1.1    Voor de beoordeling van de klacht wordt, gelet op de overgelegde stukken, van de volgende vaststaande feiten uitgegaan.

1.2    Klager is verwikkeld in een langdurig echtscheidingsconflict, waarbij verweerster sinds 1 januari 2013 optreedt voor de gewezen echtgenote van klager, als opvolgend advocaat van haar inmiddels gepensioneerde kantoorgenoot, mr. [Y].

1.3    Klager is bij beschikking van het gerechtshof [naam] van 31 augustus 2010 veroordeeld tot betaling aan zijn gewezen echtgenote van een bedrag van ruim [Z] wegens overbedeling. Voorts is klager zowel door de rechtbank [naam], bij vonnis van 17 april 2013 als door het gerechtshof [naam], bij arrest van 4 juni 2013 veroordeeld tot betaling van de proceskosten aan zijn gewezen echtgenote. Tot meerdere zekerheid van de door klager nog te betalen bedragen is door de gewezen echtgenote beslag gelegd op de voormalige - aan klager toegewezen - echtelijke woning en op zijn WIA-uitkering.

1.4    Mr. [Y] heeft per e-mail d.d. 21 december 2012 aan de advocaat van klager een voorstel tot beëindiging van alle geschilpunten tussen klager en zijn gewezen echtgenote gedaan. Mr. [Y] heeft daarbij aangegeven dat zijn cliënte bereid was specifieke vorderingen op klager kwijt te schelden onder - onder meer - de voorwaarde dat zij uit de hoofdelijke aansprakelijkheid voor de hypothecaire geldlening betreffende de voormalige echtelijke woning zou zijn ontslagen.

1.5    Na het terugtreden van mr. [Y] is vanaf 2013 door klager en diens advocaat en door verweerster namens haar cliënte verder onderhandeld over een vaststellingsovereenkomst.

1.6    Op 26 november 2013 heeft een comparitie plaatsgevonden bij het gerechtshof [naam], waarbij de advocaat van klager en verweerster zonder hun cliënten zijn verschenen.
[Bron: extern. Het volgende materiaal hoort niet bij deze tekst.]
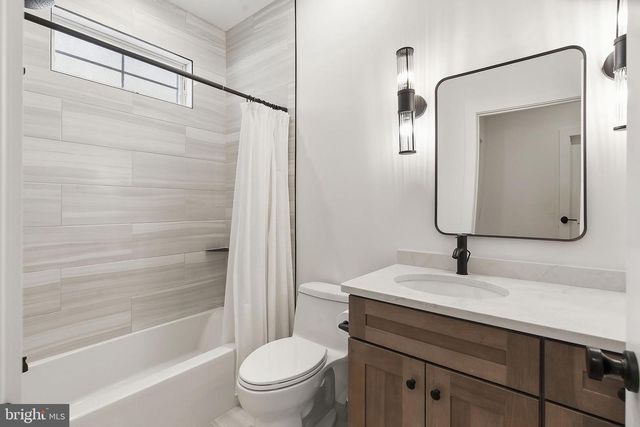 11 E 13TH, Long Beach Township, NJ 08008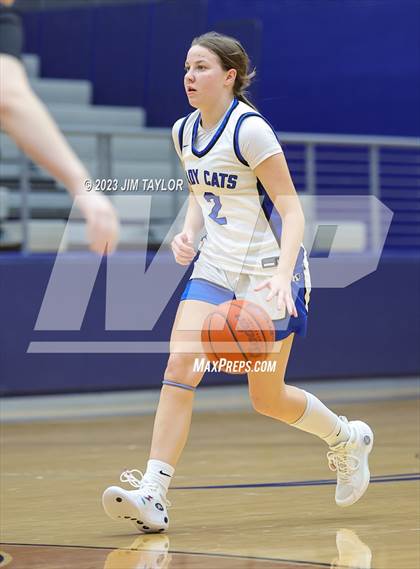 Thumbnail 3 in Rouse vs. Krum (Weatherford Raising Cane Christmas Classic) photogallery.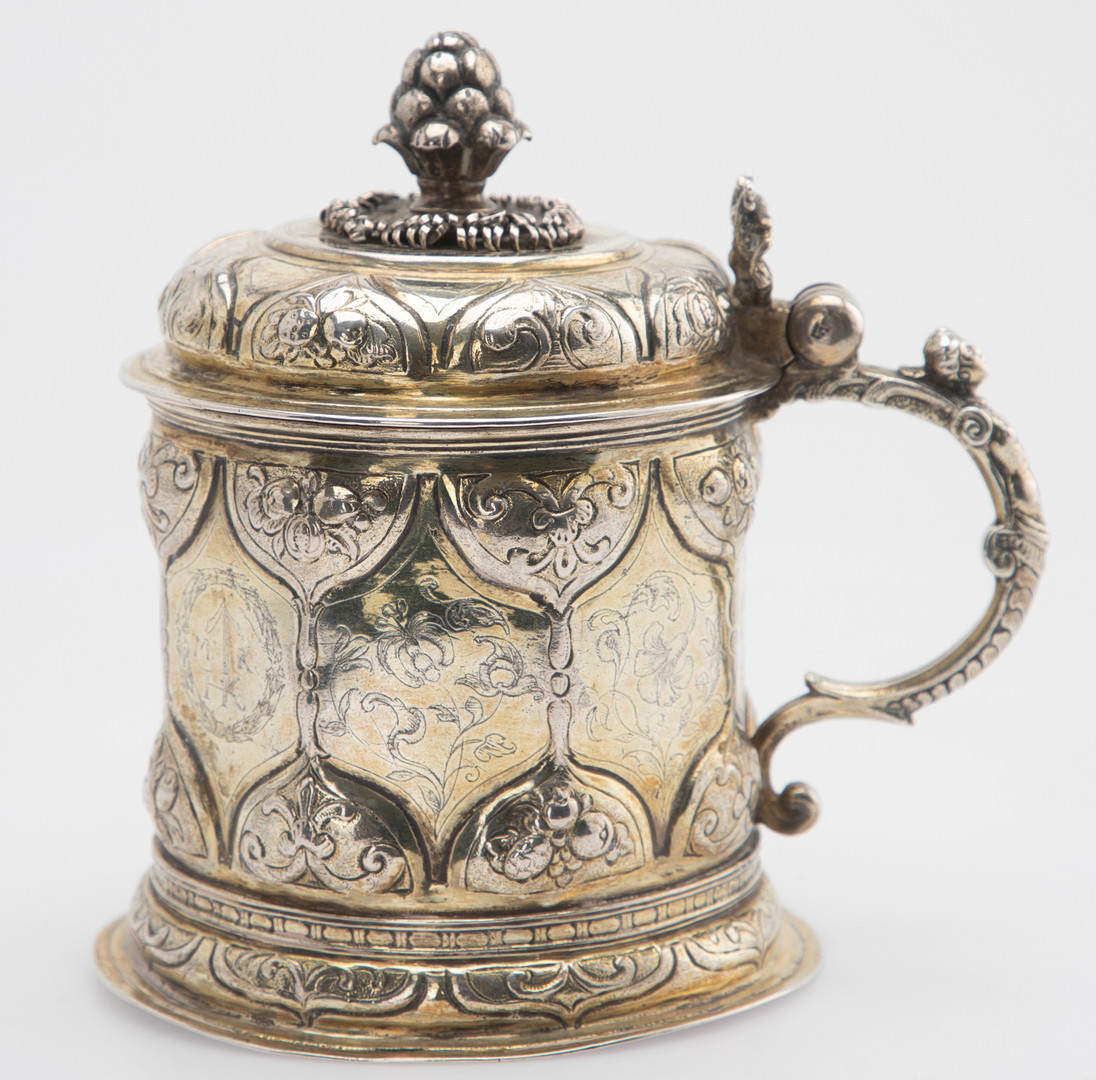 Vermeil Humpen Silber, vergoldet mit einer Münze- 1 Taler-Gedenkmünze, 1630, Sachsen Georg I, um 1630- Posen, 18. Jh.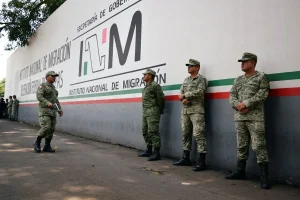 Elementos de seguridad vigilan la Estación Migratoria Siglo XXI en Tapachula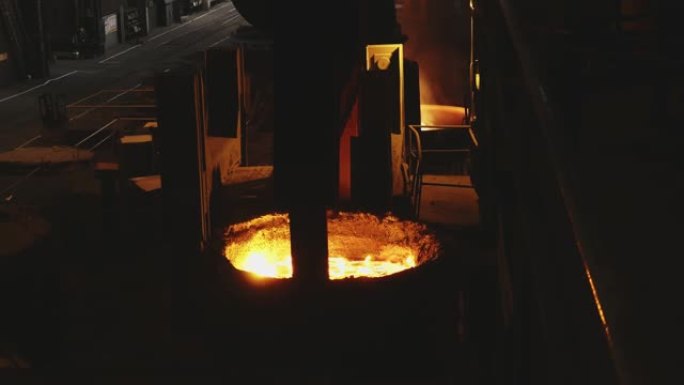 熔融金属浇注、冶金、铸钢铸造厂。铁水高炉。钢铁工业工厂内部。工作场所金属铸造冶金。钢铁制造。特写。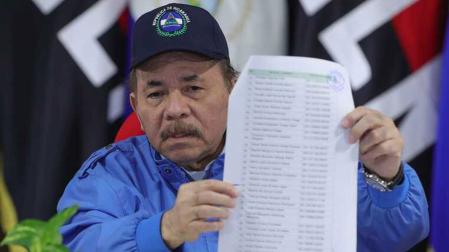 El presidente de Nicaragua, Daniel Ortega, muestra la lista de nombres de los 222 presos políticos excarcelados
Tot een vergelijk is het toen niet gekomen.

1.7    Bij brief, ingekomen bij de deken op 15 december 2014, heeft klager de onderhavige klacht bij de deken ingediend.

2    KLACHT

2.1    De klacht houdt, zakelijk weergegeven, in dat verweerster tuchtrechtelijk verwijtbaar heeft gehandeld als bedoeld in artikel 46 Advocatenwet door:

a)    tijdens de onderhandelingen met de advocaat van klager terug te komen op een eerder gemaakte afspraak met destijds mr. [Y] dat de ingangsdatum van de toekomstige vaststellingsovereenkomst 1 januari 2013 zou zijn en door in het eindstadium een onderhandelingsakkoord te ondermijnen door het leggen van beslag onder klager;

b)    niet op behoorlijke wijze met klager en/ of diens advocaat te communiceren. Zo heeft verweerster niet teruggebeld op het verzoek van klager om beslag op zijn WIA-uitkering op te heffen teneinde een hypotheek aan te kunnen vragen, heeft verweerster niet geluisterd naar deskundig (hypotheek)advies en heeft zij zich bemoeid met de hypotheekaanvraag van klager. Doordat verweerster tegenstrijdig luidende brieven stuurt, manipuleert, liegt en bedriegt heeft zij klager op hoge kosten gejaagd.

3    VERWEER

3.1    Het gemotiveerde verweer komt, voor zover relevant, bij de bespreking van de diverse klachtonderdelen, aan de orde. 

4    BEOORDELING

4.1    De nieuwe Advocatenwet is van toepassing op klachten die op of na 1 januari 2015 zijn ingediend bij de deken. De onderhavige klacht is voor 1 januari 2015 ingediend bij de deken en wordt door de raad van discipline derhalve behandeld en beoordeeld op grond van de oude Advocatenwet, zoals die tot 1 januari 2015 gold. Waar in deze beslissing naar de Advocatenwet wordt verwezen, wordt de oude Advocatenwet bedoeld.

4.2    Op de klacht kan, met toepassing van artikel 46g Advocatenwet, door de voorzitter worden beslist.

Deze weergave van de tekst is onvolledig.